I've added more tests for anti_replay in #6055.
ticket_reuse_anti_replay will be failing with PR6019, because I wrote it to verify existing behavior which we agreed is not expected.

I hope you will adjust it in this PR, once I merge PR-6055 to master (plan to do it within a day or two).

This will be needed:

@@ -243,7 +243,7 @@ ticketage_smaller_than_windowsize_anti_replay(Config) when is_list(Config) ->
 ticketage_bigger_than_windowsize_anti_replay() ->
     [{doc, "Session resumption with stateless tickets and anti_replay enabled."
       "Fresh ClientHellos."
-      "Ticket age bigger than windowsize. 0-RTT is expected to fail."
+      "Ticket age bigger than windowsize. 0-RTT is expected to succeed."
       "(Erlang client - Erlang server)"}].
 ticketage_bigger_than_windowsize_anti_replay(Config) when is_list(Config) ->
     WindowSize = 3,
@@ -252,10 +252,10 @@ ticketage_bigger_than_windowsize_anti_replay(Config) when is_list(Config) ->
     ssl_test_lib:check_result(Server0, ok, Client0, ok),
     Client1 = anti_replay_helper_connect(Server0, Client0, Port0, ClientNode,
                                          Hostname, ClientOpts,
-                                         {seconds, WindowSize + 2}, false),
+                                         {seconds, WindowSize + 2}, true),
     Client2 = anti_replay_helper_connect(Server0, Client0, Port0, ClientNode,
                                          Hostname, ClientOpts,
-                                         {seconds, 2*WindowSize + 2}, false),
+                                         {seconds, 2*WindowSize + 2}, true),
     process_flag(trap_exit, false),
     [ssl_test_lib:close(A) || A <- [Server0, Client0, Client1, Client2]].
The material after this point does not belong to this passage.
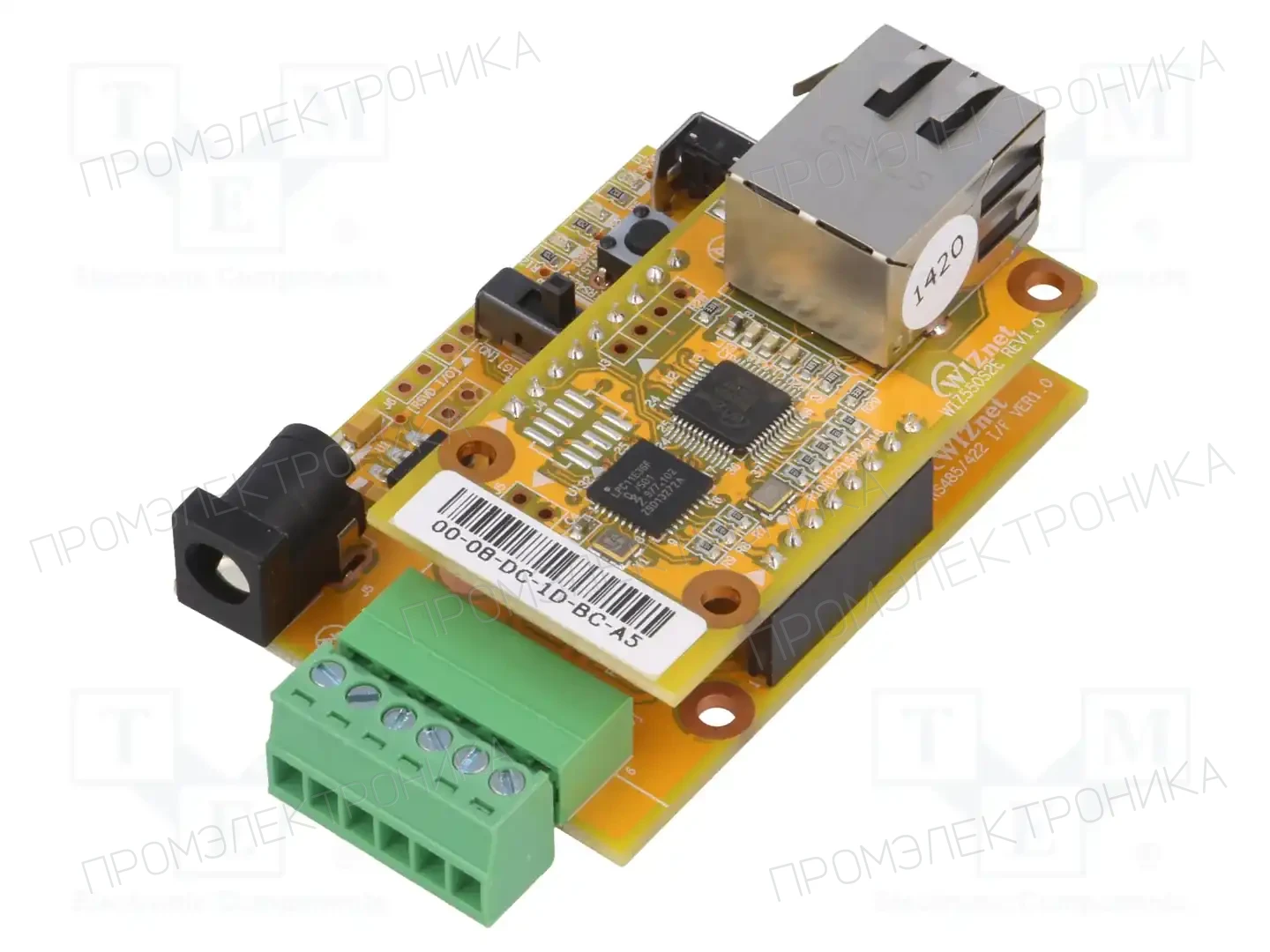 WIZNET WIZ550S2E-485 — Модули Ethernet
sindrip · 2022-06-28T13:27:29Z

Let me know once #6055 is merged and I can make the suggested changes

u3s · 2022-06-28T15:01:23Z

#6055 is merged. please rebase and fix the ticketage_bigger_than_windowsize_anti_replay.

sindrip · 2022-06-30T12:45:48Z

I rebased on master and updated the testcase from #6055, what do you think about the testcases that I wrote originally in this PR, the new testcases you added test the same thing @u3s?
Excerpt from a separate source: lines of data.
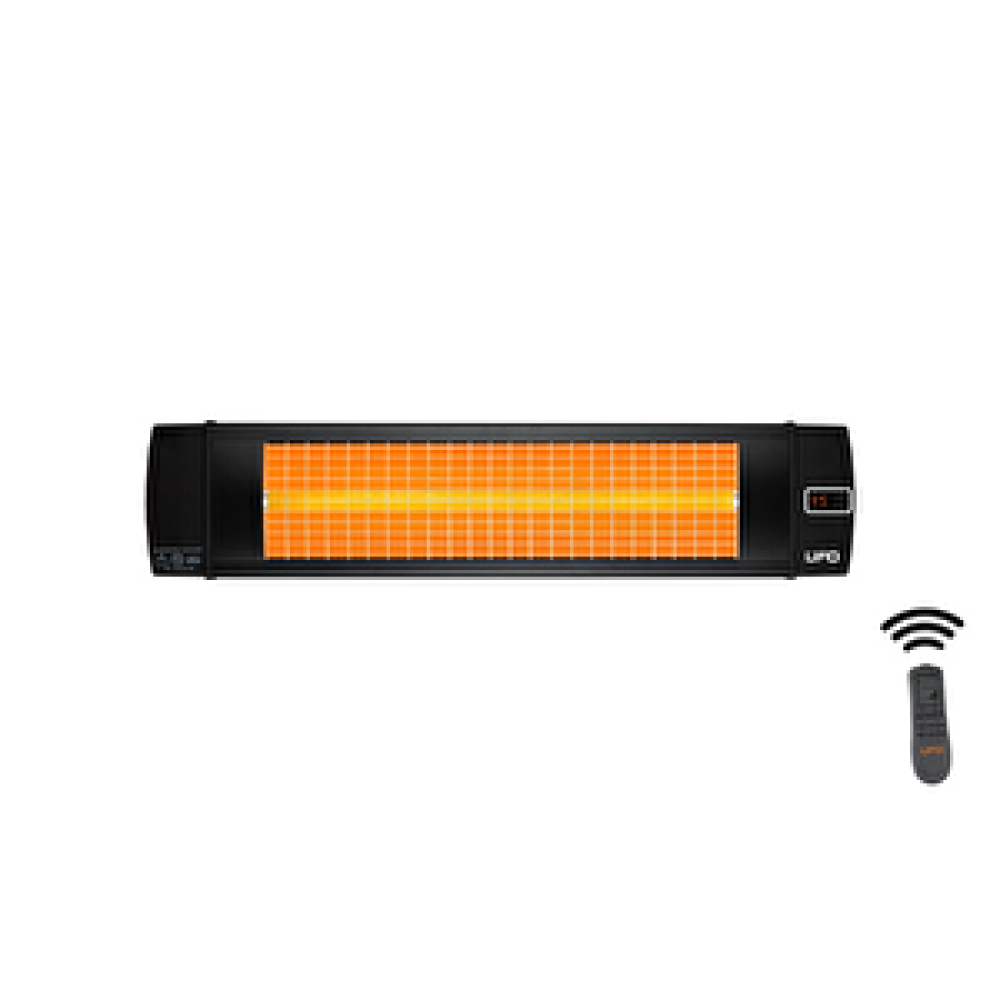 Ufo Black Line 2400 Watt Uzaktan Kumandalı Yatay Ve Dikey Isıtıcı Isıtıcılar Fiyatı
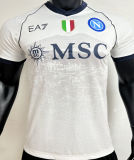 2023/24 Napoli Away White Player Version Jersey 带胸前金章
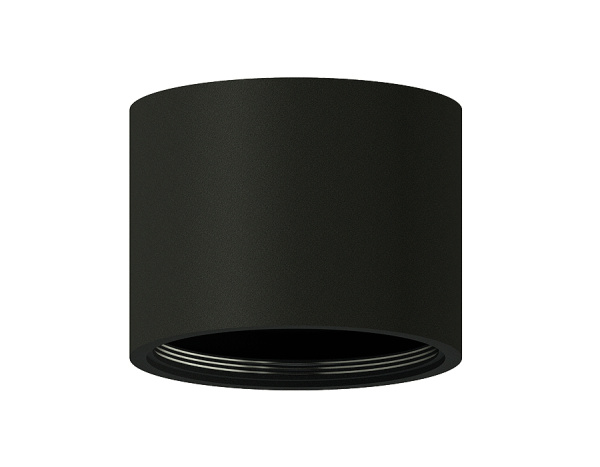 Ambrella Корпус светильника накладной для насадок D70mm C7511 SBK черный песок D80*H60mm MR16 GU5.3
I wonder if readability of code could be improved a little (so conclusion from our
discussion is reflected):

I was considering adding some explanatory comment and/or renaming some functions
(I'm not sure which is better - what do you think)?
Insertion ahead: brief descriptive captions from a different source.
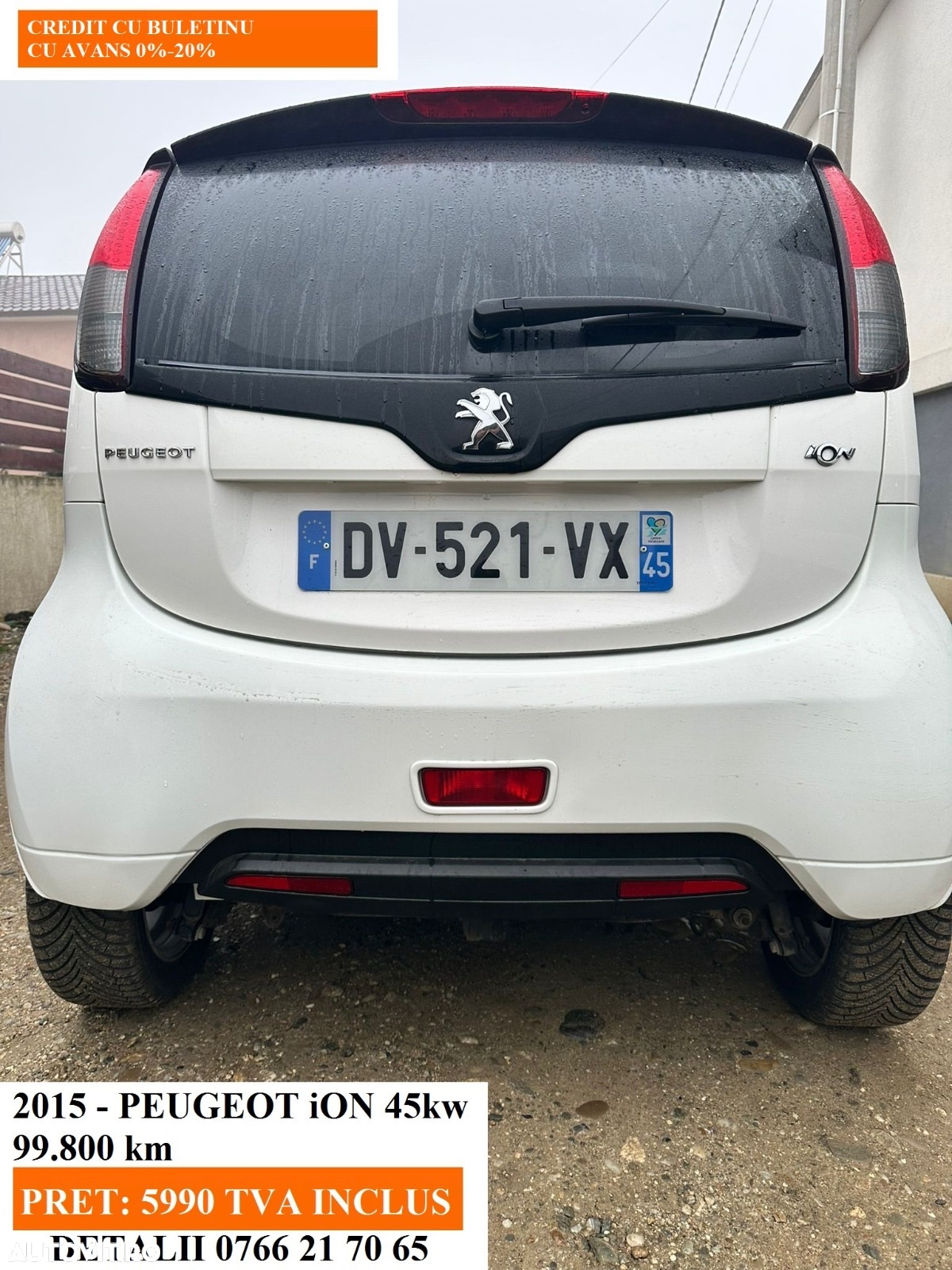 Peugeot iON Active - 6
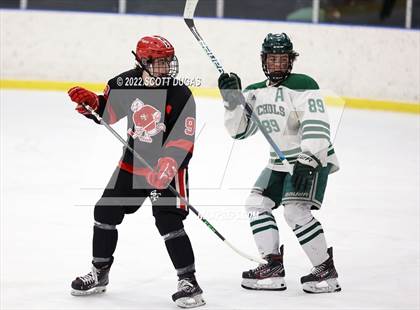 Thumbnail 1 in Nichols vs St. Francis  photogallery.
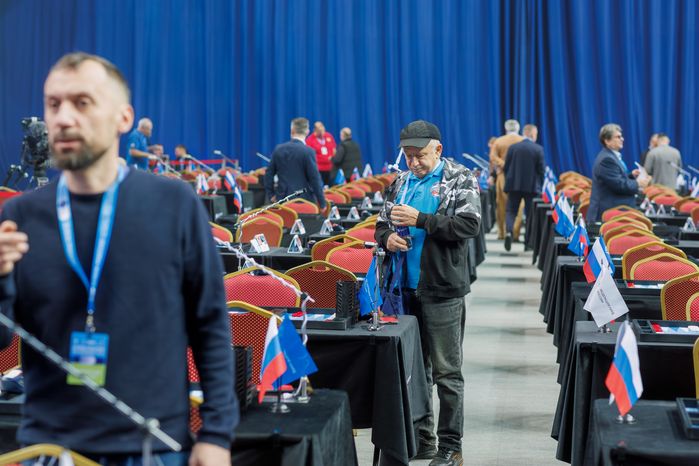 Кубок России по нардам в Люберцах
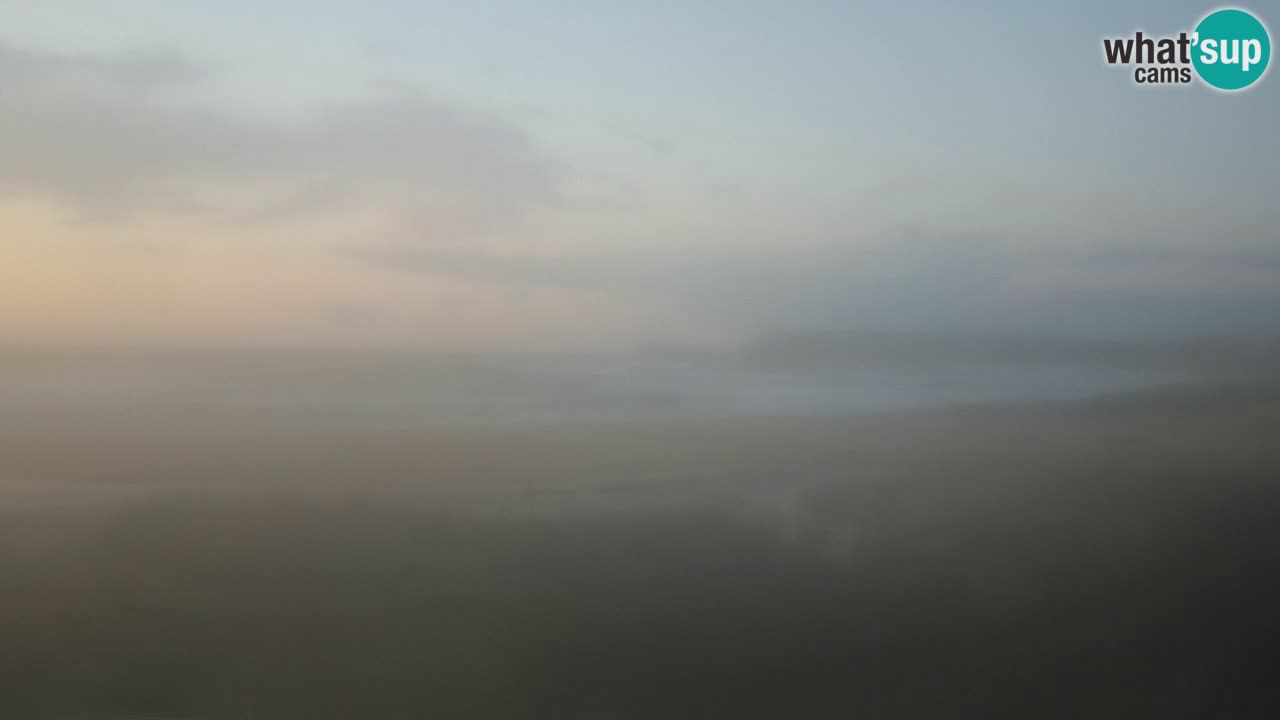 Webcam Torre dei Corsari – Vue en direct sur la plage depuis Punta Usai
function names tls_server_session_ticket:stateless*ticket are kind of ticket oriented

they don't cover ClientHello replay protection (anti_replay) flow and might
be misguiding - I mean it is not only ticket that is checked with anti_replay

I think comments surrounding the checks with references to the RFC would be fine by me. Do you want me to cover this?

docs - maybe anti_replay option manual could be improved so our discussion is
somehow reflected there as well.

Do you want me to add it to this PR?

u3s · 2022-06-30T13:13:52Z

I rebased on master and updated the testcase from #6055, what do you think about the testcases that I wrote originally in this PR, the new testcases you added test the same thing @u3s?

I'm fine with leaving them as your tests are more of a white box tests. My recent addition is more end2end.

think comments surrounding the checks with references to the RFC would be fine by me. Do you want me to cover this?

yes please.

   docs - maybe anti_replay option manual could be improved so our discussion is
   somehow reflected there as well.

Do you want me to add it to this PR?

yes, if not a problem for you to make a small adjustment. Maybe its a matter of adding ClientHello around "freshness checks" - to indicate what we're recording and checking with anti_replay - I'm looking here.

sindrip · 2022-07-04T10:55:44Z

I did some slight documentation updates, but it is kind of adressed here: https://www.erlang.org/doc/apps/ssl/using_ssl.html#anti-replay-protection-in-tls-1.3

lib/ssl/doc/src/using_ssl.xml

If a stateless ticket is older than the WindowSize of the bloom filter then it will be rejected. By subtracting the ReportedAge from the RealAge we have the DeltaAge, which will become too large during a replay. Previously the absolute age of the ticket was being used.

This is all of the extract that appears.